═════ Supplied entries ═════

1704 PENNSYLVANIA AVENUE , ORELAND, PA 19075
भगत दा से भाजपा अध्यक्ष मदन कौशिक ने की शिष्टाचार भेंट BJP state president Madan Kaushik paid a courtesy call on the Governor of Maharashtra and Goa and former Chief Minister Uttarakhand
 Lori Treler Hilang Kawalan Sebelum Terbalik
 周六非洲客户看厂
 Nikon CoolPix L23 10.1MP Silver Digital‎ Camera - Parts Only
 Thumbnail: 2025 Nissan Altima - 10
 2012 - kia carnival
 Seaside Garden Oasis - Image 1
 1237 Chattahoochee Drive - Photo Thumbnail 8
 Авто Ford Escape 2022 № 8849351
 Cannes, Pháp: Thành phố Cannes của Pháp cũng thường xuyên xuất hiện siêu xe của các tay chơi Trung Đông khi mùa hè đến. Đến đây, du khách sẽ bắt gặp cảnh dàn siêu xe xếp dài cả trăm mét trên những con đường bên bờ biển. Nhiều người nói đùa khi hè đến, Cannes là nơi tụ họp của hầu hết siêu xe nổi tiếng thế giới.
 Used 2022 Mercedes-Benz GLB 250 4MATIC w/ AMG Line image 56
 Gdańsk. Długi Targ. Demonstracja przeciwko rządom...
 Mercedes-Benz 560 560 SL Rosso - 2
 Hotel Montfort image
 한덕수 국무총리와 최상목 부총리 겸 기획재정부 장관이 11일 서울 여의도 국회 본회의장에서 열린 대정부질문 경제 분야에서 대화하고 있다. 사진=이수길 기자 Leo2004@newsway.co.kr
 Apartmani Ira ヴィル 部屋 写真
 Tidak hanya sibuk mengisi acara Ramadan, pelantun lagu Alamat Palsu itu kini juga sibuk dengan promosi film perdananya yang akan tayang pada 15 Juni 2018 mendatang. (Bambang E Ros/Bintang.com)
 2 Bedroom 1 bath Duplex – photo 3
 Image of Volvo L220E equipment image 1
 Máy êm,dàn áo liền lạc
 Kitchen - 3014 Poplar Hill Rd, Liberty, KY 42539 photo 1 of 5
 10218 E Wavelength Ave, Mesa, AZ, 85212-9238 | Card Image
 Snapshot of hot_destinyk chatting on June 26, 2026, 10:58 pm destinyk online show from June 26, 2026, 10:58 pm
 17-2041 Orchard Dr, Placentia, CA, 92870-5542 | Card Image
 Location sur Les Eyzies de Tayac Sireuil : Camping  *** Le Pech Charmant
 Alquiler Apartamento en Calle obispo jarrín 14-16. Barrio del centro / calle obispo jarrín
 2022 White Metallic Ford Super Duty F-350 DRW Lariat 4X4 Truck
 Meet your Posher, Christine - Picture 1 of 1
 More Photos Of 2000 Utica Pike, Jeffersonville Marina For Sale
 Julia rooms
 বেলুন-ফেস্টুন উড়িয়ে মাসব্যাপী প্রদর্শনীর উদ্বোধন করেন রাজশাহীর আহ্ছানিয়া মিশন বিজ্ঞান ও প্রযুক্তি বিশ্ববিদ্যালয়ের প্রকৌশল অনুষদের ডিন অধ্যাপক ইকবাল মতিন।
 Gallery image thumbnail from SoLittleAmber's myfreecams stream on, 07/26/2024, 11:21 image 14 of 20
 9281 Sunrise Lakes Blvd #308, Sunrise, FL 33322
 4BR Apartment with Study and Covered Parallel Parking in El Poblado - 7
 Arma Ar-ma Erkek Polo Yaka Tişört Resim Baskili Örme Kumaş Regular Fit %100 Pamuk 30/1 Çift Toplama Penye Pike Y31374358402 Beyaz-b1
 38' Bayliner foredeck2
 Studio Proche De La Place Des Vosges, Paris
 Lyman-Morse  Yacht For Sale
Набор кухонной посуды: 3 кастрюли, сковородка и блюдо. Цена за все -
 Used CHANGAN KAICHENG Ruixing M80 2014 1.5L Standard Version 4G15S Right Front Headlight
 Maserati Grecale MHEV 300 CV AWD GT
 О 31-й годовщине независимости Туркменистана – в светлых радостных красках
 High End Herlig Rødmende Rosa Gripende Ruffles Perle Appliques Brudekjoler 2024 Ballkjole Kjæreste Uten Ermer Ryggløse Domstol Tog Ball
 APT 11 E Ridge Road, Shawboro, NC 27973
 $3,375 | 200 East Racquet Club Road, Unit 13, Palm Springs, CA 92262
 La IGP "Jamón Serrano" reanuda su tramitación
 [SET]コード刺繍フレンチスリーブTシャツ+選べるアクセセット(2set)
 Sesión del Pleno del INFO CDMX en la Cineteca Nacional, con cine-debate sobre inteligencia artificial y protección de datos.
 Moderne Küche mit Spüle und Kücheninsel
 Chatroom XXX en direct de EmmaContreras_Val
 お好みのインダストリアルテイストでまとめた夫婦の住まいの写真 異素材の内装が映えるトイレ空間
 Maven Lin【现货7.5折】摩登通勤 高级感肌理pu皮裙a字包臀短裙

═════

Repeat the records above line by line, from the first line through the line that contains "Авто Ford Escape 2022 № 8849351".

- [Task result]
1704 PENNSYLVANIA AVENUE , ORELAND, PA 19075
भगत दा से भाजपा अध्यक्ष मदन कौशिक ने की शिष्टाचार भेंट BJP state president Madan Kaushik paid a courtesy call on the Governor of Maharashtra and Goa and former Chief Minister Uttarakhand
 Lori Treler Hilang Kawalan Sebelum Terbalik
 周六非洲客户看厂
 Nikon CoolPix L23 10.1MP Silver Digital‎ Camera - Parts Only
 Thumbnail: 2025 Nissan Altima - 10
 2012 - kia carnival
 Seaside Garden Oasis - Image 1
 1237 Chattahoochee Drive - Photo Thumbnail 8
 Авто Ford Escape 2022 № 8849351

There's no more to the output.